A recent article in the calgaryherald.com reported that the Canadian real estate market is on the verge of losing sales numbers due to the decline in housing demand. This suddenly became a benchmark for the Calgary Real Estate Board to maximize efforts to resolve this crisis for the industry.
One of the main reasons for the said decline was because of the a downsizing in the oil price industry, leading to lesser jobs and current costs in housing rates, according to the same article. Job losses are expected to happen within this year as well, according to CREB's chief economist Ann-Marie Laurie. Such employment changes will certainly affect the housing demand for the remainder of the year, she continued in a statement.
Another article from theglobeandmail.com also mentioned a decline in resale home pricing to go down to about 0.2% lower by the end of 2015. The said figure was a contradiction to what the CREB predicted instead early January this year for home prices to close at 1.58% higher.
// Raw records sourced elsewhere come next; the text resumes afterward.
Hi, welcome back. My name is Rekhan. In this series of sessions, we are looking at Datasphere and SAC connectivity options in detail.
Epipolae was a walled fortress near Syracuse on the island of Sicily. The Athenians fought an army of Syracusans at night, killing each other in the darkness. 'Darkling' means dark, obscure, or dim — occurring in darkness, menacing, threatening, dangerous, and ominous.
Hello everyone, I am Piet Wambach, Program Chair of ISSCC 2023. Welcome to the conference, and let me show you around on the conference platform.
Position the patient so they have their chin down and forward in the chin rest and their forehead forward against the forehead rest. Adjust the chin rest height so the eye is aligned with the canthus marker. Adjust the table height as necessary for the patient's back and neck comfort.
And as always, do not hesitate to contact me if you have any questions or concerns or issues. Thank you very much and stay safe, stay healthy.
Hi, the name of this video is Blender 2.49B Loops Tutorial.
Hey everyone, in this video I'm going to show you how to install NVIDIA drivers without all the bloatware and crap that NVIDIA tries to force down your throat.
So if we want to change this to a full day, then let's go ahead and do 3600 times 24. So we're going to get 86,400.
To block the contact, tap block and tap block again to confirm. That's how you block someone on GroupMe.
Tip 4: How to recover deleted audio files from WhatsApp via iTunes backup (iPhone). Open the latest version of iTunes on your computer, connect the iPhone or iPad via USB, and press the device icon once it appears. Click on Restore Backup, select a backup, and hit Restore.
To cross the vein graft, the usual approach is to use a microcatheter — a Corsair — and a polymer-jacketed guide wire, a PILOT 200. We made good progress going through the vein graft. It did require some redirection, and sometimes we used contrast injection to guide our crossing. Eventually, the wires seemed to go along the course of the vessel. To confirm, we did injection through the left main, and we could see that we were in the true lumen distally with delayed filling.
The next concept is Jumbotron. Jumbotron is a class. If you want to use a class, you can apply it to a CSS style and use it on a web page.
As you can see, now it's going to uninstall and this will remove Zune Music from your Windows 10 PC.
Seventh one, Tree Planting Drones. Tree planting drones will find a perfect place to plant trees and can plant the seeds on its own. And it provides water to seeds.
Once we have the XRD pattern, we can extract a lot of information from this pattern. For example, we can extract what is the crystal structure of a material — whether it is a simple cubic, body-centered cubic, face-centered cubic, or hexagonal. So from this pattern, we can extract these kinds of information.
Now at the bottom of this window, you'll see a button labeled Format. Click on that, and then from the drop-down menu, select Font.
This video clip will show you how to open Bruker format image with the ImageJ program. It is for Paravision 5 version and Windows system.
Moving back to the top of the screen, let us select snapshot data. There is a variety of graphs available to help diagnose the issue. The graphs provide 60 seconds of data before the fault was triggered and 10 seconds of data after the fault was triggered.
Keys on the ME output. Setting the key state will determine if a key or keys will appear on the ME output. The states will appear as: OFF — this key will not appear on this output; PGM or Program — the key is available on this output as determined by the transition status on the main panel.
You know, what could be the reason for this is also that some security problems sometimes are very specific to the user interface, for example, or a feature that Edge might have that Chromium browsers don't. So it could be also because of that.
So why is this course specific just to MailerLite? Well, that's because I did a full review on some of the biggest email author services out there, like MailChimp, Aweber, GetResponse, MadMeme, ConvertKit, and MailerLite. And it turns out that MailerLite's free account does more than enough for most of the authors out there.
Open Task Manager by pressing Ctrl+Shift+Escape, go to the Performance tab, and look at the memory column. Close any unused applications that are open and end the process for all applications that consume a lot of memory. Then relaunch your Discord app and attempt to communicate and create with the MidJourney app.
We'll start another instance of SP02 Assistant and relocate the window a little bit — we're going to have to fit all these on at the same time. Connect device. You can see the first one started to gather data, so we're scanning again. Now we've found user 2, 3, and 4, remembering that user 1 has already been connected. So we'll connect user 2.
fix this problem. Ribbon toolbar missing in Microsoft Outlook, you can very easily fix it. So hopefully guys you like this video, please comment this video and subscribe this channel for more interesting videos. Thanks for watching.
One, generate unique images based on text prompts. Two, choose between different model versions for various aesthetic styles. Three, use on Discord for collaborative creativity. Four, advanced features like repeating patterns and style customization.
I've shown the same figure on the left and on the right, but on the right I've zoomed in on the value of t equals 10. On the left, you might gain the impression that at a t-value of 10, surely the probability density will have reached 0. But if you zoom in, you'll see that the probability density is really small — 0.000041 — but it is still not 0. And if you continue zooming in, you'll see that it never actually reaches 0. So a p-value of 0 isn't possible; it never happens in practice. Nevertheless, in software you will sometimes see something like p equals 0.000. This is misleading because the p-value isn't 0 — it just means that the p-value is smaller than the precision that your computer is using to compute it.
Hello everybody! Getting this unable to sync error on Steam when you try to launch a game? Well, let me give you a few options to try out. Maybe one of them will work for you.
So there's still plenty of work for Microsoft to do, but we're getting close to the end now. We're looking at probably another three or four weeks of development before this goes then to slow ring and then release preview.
Board President Corinne Lyall expressed her sentiment by "not expecting that much concern from consumers and the general public over the housing crisis and it not lasting for this long."
The same article also mentioned the country has lost over 12,000 jobs since January and mostly are executive positions handling full time jobs, and in turn garnering about double the number for half-time position work. Last December saw the turnout of home prices slumping down in the city as home sellers were in the rush to put their homes for sale in order to avoid a price correction. A number of listing were totalled around that time, yet many also took out their listings that were unsold by the end of last year.
Let's still hope for the resurrection of the Canadian housing market though.